Pero que nadie caiga en la candidez de creer que con esto se ha cerrado un capítulo perturbador de nuestro acontecer político actual. Por el contrario, esto no ha hecho más que empezar, porque eliminada la histórica figura del Rey Juan Carlos, ahora el punto de mira señala la figura de su hijo, el Rey Felipe VI
Desaparecido el sentido de la responsabilidad y de Estado que en la transición puso de manifiesto el PSOE, y sustituido por el embravecido revanchismo oportunista de una extrema izquierda sedienta de un poder encabritado; ante la incomparecencia de una oposición cobardemente acomplejada, que en la oscuridad de la trastienda política falta a sus promesas electorales negociando su nociva presencia en la cúpula de la justicia con quienes están socavando los cimientos de nuestra democracia, es fácil constatar la orfandad en la que en estos momentos ha quedado la Corona. A partir de este momento, el acaecer de cada paso que dé el Rey Felipe VI, discurrirá sobre el filo de una navaja, excepcionalmente afilada por la extrema izquierda instalada en el poder.
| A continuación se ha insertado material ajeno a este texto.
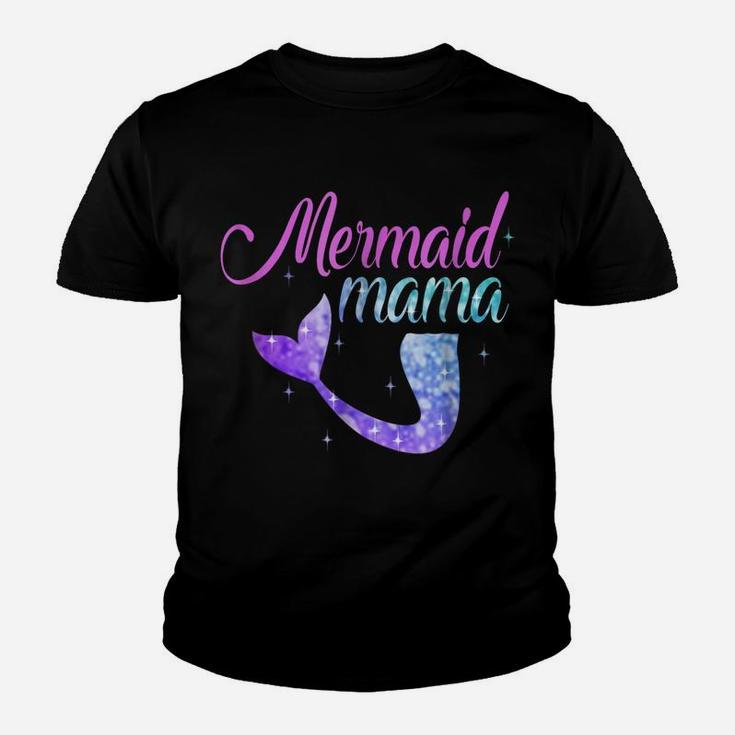 Mermaid Mom Mother's Day Tshirt Mermom Bridesmaid Party Gift Youth T-shirt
El será el próximo objetivo a abatir. Y ya sabemos cuál es el método. Primero se siembran sospechas de algún presunto delito o comportamiento censurable que se cierne sobre la persona. Luego se lanza sobre la misma a las jaurías preparadas en las redes sociales hasta lograr su linchamiento social y su consiguiente desprestigio. Da igual que haya acusación judicial o no. El agua, una vez vertida, es imposible retornarla al recipiente que la contenía. A partir de este punto, la mancha de aceite no solo ha impregnado a la persona, sino que se extiende a la institución que representa. Luego, es cuestión de seguir arrojando leña al fuego, hasta que la institución quede dañada de forma irreversible ante la opinión pública para invalidarla y provocar el cambio de la misma. Y esto es lo que el Rey Juan Carlos ha querido precisamente evitar con su autoexilio voluntario.
La mayor desvergüenza de todo este proceso, es que quienes desde el primer momento lo han instigado con mayor saña, son precisamente quienes han cometido, hasta ahora impunemente, tantos delitos políticos, que han considerado necesario llegar a situaciones como de la que lamentablemente tuvimos noticia ayer, para taparlos; para que no se hable de los 45.000 muertos del coronavirus, ni de los más de 19.600 muertos con COVID-19 o síntomas compatibles en las residencias de ancianos; para no se hable de las alarmantes cifras que están alcanzando los rebrotes de la pandemia; para que se ignore que a causa de estos rebrotes, Alemania, Reino Unido, Países Bajos y otros, han vetado el turismo a nuestro país, por miedo al contagio de sus ciudadanos; para no tomar en cuenta los más de tres millones de parados que hemos alcanzado en el pasado mes de junio, esconder la ruina económica en la que estamos sumidos y de la que parece que no se quieren enterar, de que gracias a las políticas desarrolladas, nos enfrentamos a una parálisis total del turismo extranjero, con una caída del 98% en junio.
Pero en vez de estos temas tan graves porque afectan a la vida diaria de cada uno de nosotros, hoy, la portada de todos los periódicos, las cabeceras de los informativos de radio y TV, abren con el autoexilio del Rey Juan Carlos. No trato de excusar los errores o las presuntas faltas que haya podido cometer el rey emérito, y mucho menos juzgar su vida privada, porque si a eso vamos, anda que hay alguno que ostenta un gran poder y habría que echarle de comer aparte.
La historia no lo va a juzgar por estas cosas, sino por el papel que desempeñó en momentos tan críticos para España como fueron los de la transición y el posterior desarrollo social, económico y político que el país experimentó durante su reinado.
A la luz de estos hechos, el reinado de Su Majestad, Juan Carlos I, ha sido excepcional y pasará a la historia dejando un legado político extraordinario.